* _DIRECTIONS_: The expected output is the first line of the data below and every line after it, up to and including the line containing "Bomber In Cotone Oversize Grigio", each reproduced exactly.

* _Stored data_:
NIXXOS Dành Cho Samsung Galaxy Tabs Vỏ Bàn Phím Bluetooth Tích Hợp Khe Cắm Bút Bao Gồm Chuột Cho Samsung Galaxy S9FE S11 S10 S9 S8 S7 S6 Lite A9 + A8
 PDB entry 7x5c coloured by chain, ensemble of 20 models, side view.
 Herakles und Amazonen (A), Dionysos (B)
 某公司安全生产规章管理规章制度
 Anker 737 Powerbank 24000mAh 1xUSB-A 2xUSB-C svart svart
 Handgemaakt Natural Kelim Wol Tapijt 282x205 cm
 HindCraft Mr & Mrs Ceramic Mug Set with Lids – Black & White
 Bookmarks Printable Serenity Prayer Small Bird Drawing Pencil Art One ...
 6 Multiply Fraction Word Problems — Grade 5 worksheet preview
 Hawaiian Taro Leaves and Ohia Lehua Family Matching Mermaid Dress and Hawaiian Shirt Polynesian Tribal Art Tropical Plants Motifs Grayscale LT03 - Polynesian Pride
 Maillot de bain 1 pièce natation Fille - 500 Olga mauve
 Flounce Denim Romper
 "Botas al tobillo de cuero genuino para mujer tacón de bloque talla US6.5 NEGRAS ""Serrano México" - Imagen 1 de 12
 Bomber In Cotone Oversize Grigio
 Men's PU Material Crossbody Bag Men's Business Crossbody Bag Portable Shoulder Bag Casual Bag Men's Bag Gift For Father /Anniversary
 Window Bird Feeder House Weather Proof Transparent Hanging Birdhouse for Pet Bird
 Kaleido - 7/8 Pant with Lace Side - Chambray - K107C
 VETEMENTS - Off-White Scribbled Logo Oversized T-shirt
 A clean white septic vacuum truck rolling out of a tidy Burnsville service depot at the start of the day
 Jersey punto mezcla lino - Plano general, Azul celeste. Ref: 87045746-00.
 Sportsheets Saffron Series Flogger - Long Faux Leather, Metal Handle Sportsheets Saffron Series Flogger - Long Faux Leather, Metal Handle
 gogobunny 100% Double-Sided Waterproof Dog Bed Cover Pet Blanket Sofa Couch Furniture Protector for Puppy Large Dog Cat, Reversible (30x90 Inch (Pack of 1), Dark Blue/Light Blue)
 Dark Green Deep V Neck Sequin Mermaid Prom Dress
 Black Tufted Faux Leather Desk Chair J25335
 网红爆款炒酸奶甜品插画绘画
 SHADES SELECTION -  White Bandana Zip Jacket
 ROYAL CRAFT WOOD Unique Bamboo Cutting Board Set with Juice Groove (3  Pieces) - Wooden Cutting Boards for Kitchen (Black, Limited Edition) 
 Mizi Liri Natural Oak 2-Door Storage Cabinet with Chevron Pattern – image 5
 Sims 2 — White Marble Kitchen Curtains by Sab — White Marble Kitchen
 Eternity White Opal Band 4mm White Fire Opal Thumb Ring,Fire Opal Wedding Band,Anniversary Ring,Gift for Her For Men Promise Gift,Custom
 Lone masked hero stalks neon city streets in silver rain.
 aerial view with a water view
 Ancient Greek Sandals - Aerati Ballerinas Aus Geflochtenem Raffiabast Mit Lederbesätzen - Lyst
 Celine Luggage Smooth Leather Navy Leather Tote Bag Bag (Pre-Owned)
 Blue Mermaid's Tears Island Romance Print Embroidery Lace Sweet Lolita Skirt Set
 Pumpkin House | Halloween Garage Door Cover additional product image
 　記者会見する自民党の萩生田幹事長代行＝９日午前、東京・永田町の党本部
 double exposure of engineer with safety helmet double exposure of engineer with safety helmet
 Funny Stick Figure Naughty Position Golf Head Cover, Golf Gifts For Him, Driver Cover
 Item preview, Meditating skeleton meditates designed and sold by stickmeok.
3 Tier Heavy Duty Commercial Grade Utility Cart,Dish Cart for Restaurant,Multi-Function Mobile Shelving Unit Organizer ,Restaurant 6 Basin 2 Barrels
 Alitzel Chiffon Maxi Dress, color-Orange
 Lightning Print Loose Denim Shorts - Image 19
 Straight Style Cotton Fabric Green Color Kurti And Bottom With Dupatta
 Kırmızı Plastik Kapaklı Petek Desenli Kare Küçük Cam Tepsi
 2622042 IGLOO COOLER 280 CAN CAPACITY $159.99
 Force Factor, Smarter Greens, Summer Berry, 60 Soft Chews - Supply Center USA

* _RESULT_:
NIXXOS Dành Cho Samsung Galaxy Tabs Vỏ Bàn Phím Bluetooth Tích Hợp Khe Cắm Bút Bao Gồm Chuột Cho Samsung Galaxy S9FE S11 S10 S9 S8 S7 S6 Lite A9 + A8
 PDB entry 7x5c coloured by chain, ensemble of 20 models, side view.
 Herakles und Amazonen (A), Dionysos (B)
 某公司安全生产规章管理规章制度
 Anker 737 Powerbank 24000mAh 1xUSB-A 2xUSB-C svart svart
 Handgemaakt Natural Kelim Wol Tapijt 282x205 cm
 HindCraft Mr & Mrs Ceramic Mug Set with Lids – Black & White
 Bookmarks Printable Serenity Prayer Small Bird Drawing Pencil Art One ...
 6 Multiply Fraction Word Problems — Grade 5 worksheet preview
 Hawaiian Taro Leaves and Ohia Lehua Family Matching Mermaid Dress and Hawaiian Shirt Polynesian Tribal Art Tropical Plants Motifs Grayscale LT03 - Polynesian Pride
 Maillot de bain 1 pièce natation Fille - 500 Olga mauve
 Flounce Denim Romper
 "Botas al tobillo de cuero genuino para mujer tacón de bloque talla US6.5 NEGRAS ""Serrano México" - Imagen 1 de 12
 Bomber In Cotone Oversize Grigio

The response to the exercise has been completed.